Top of DATA

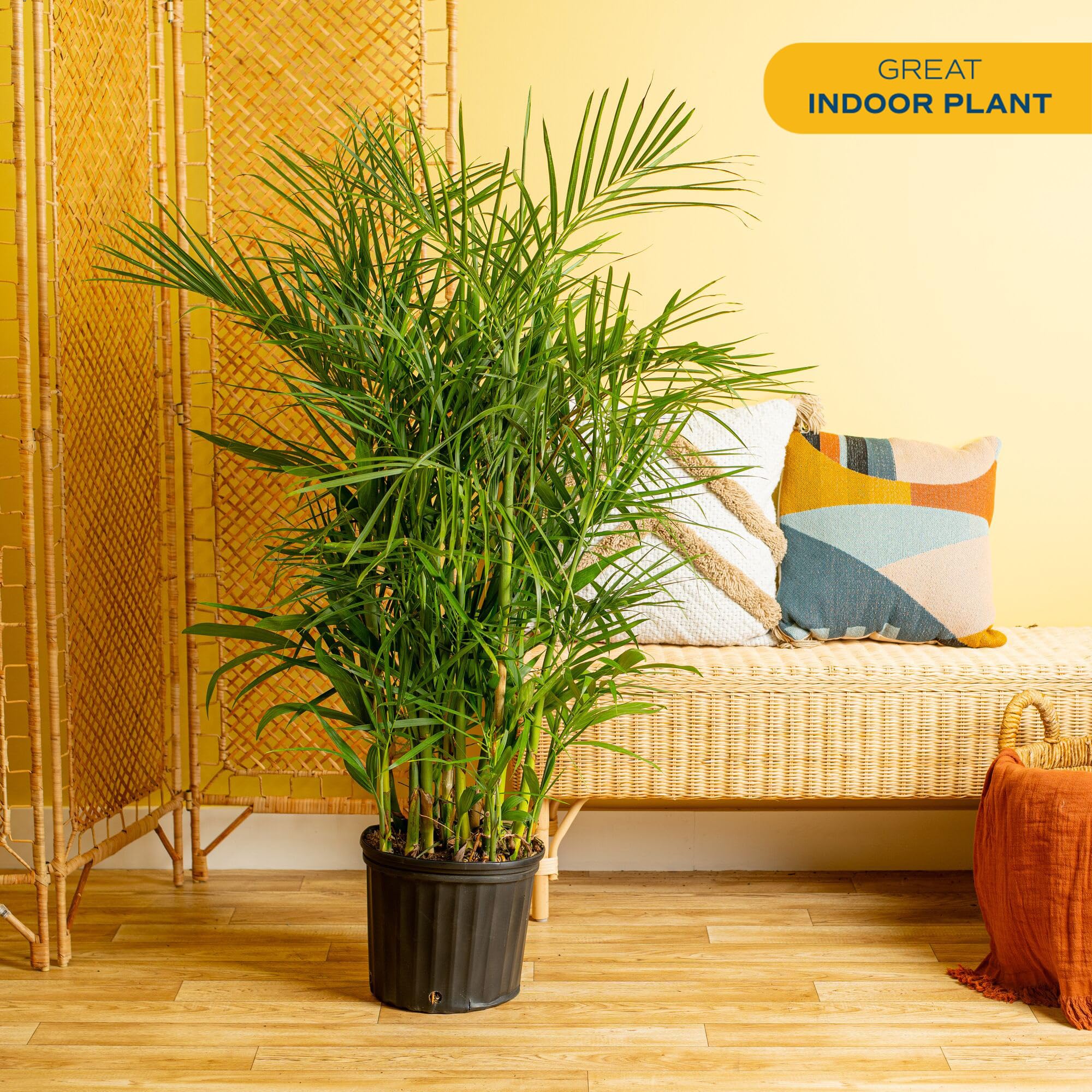 Costa Farms Cat Palm Live Plant in Decorative Pot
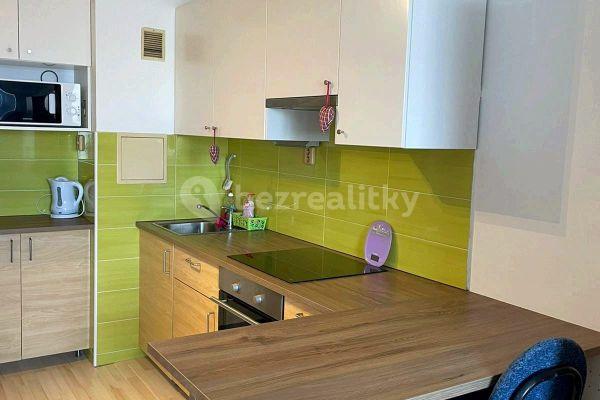 1 bedroom with open-plan kitchen flat to rent, 40 m², Holandská, Kladno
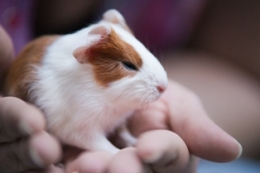 Image of a guinea pig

Bottom of DATA

» **WORK INSTRUCTIONS**:
Counting the line with "1 bedroom with" and the last line of the data above, transcribe those two lines and every line between them exactly, without the pictures.

» **TASK ANSWER**:
 1 bedroom with open-plan kitchen flat to rent, 40 m², Holandská, Kladno
 Image of a guinea pig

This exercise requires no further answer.